L’une des principales revendications du mouvement de protestation déclenché par la crise des déchets est de doter les municipalités d’une réelle autonomie financière afin qu’elles gèrent elles-mêmes ce service public. Le gouvernement affirme avoir accédé à cette demande, mais en réalité, aucune mesure concrète n’a encore été prise en ce sens. Quelques clés pour y voir plus clair dans un dossier particulièrement complexe.

Qu’a décidé le Conseil des ministres en ce qui concerne le financement des municipalités ?
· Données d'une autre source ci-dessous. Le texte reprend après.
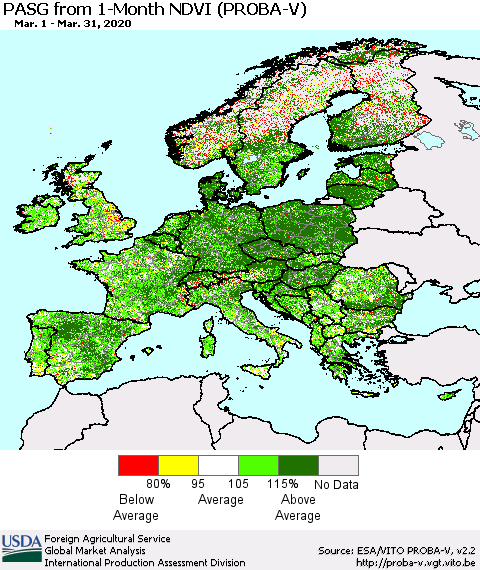 Europe PASG from 1-Month NDVI (PROBA-V) Thematic Map For 3/21/2020 - 3/31/2020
Selon le procès-verbal de sa réunion du 9 septembre, le Conseil des ministres a adopté « des décrets proposés par les ministres de l’Intérieur et des Finances relatifs à la distribution aux municipalités et aux fédérations de municipalités des recettes de la téléphonie mobile versées à la Caisse autonome des municipalités par le ministère des Télécoms, y compris le rééchelonnement des sommes bloquées pour la période 1995 à 2010 ». La formule, signée Fouad Fleifel, le secrétaire général du Conseil des ministres, est pour le moins alambiquée. Interrogé par Le Commerce du Levant sur ces décrets, le ministère des Finances a refusé d’en expliciter le contenu, affirmant qu’« ils seront publiés au Journal officiel lorsqu’une série d’autres décrets seront approuvés », ces derniers n’étant pas davantage explicités. Autant dire qu’en réalité aucune décision exécutive n’a été prise concernant le transfert aux municipalités de l’argent qui leur est dû. Sans compter que le décret évoqué par le procès-verbal n’a pas été signé par les ministres du Courant patriotique libre (CPL) et du Hezbollah, absents de la séance.

De quoi est composée la dette envers les municipalités ?
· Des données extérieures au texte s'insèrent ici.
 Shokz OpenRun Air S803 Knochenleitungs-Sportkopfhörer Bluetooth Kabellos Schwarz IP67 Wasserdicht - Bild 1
La loi prévoit que les municipalités perçoivent directement certaines taxes (taxes sur la valeur locative, taxes sur les permis de construire, etc.) et puissent bénéficier de dons ou de subventions. Celles qui sont situées dans des zones où le foncier a flambé – notamment Beyrouth – n’ont donc relativement pas de problèmes de financement.
En revanche, un grand nombre de municipalités dépendent plus lourdement d’autres types de ressources fiscales indirectes : une dizaine de taxes et d’impôts sont collectés par l’État qui est censé les affecter à la Caisse autonome des municipalités (CAM) avant de les redistribuer aux municipalités par décret. Parallèlement, une taxe de 10 % – devenue TVA à partir de 2004 – sur les factures d’eau, d’électricité et de téléphonie est perçue par les ministères ou établissements publics concernés qui sont censés les verser tous les trois mois directement aux municipalités suivant la localisation géographique des abonnés, sans passer par la CAM. Seules les recettes fiscales liées aux abonnés habitant hors des frontières administratives des municipalités abondent la CAM.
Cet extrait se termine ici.